Kurbanların ve ailelerinin görüşüne göre, “bunda hiçbir payı olmayan federal hükümet” anlaşmaya itiraz etti ve krizle mücadele için eyaletlere uzun zamandır beklenen ödemelerin yanı sıra kurbanlara yapılacak parayı da riske attı ve aileleri.

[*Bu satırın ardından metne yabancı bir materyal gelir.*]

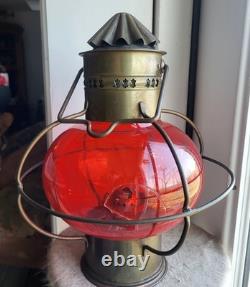 Antique Perdersen Nautical Marine Onion Lantern Red Globe, Oslo, Repair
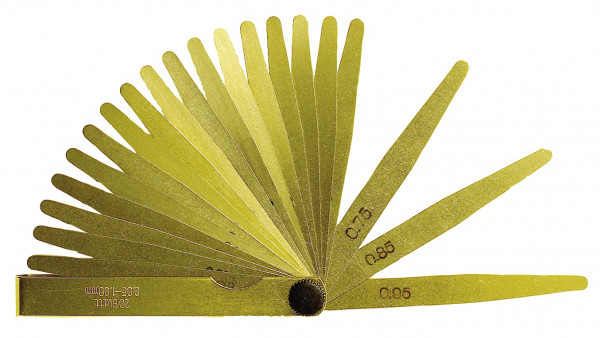 Precision feeler gauges 8 pcs., 0,05 - 0,5 mm, made of brass, antimagnetic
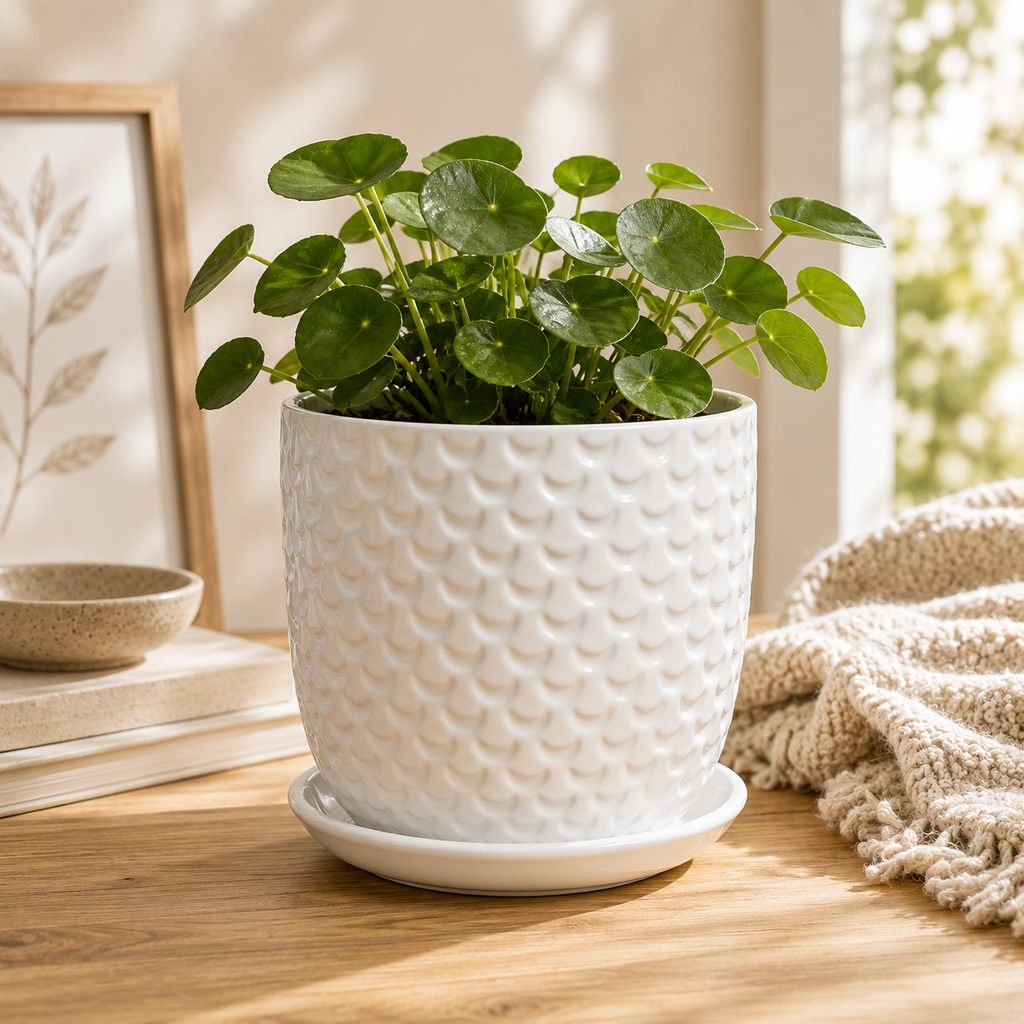Pot de fleurs décoratif en céramique – Relief écaille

Opioid salgınıyla mücadele için fon sağlamaya yönelik pratik bir çözüme odaklanmak yerine, hükümetin “ileride Sackler'lardan parayı geri alabileceklerine dair bu biraz teorik fikri” desteklemeye kararlı göründüğünü ekledi.
Yargıç Elena Kagan da ona katıldı ve başsavcı yardımcısı Curtis E. Gannon'a, imzalayan davacıların sayısına rağmen Adalet Bakanlığı'nın neden anlaşmayı bozmaya çalıştığı konusunda baskı yaptı.
Yargıç Kagan, “Bu anlaşmaya verilen destek, Sackler'ları sevmeyen, Sackler'ların dünyadaki en kötü insanlar olduğunu düşünen insanlar arasında çok büyük” dedi.
Jan Hoffman raporlamaya katkıda bulundu.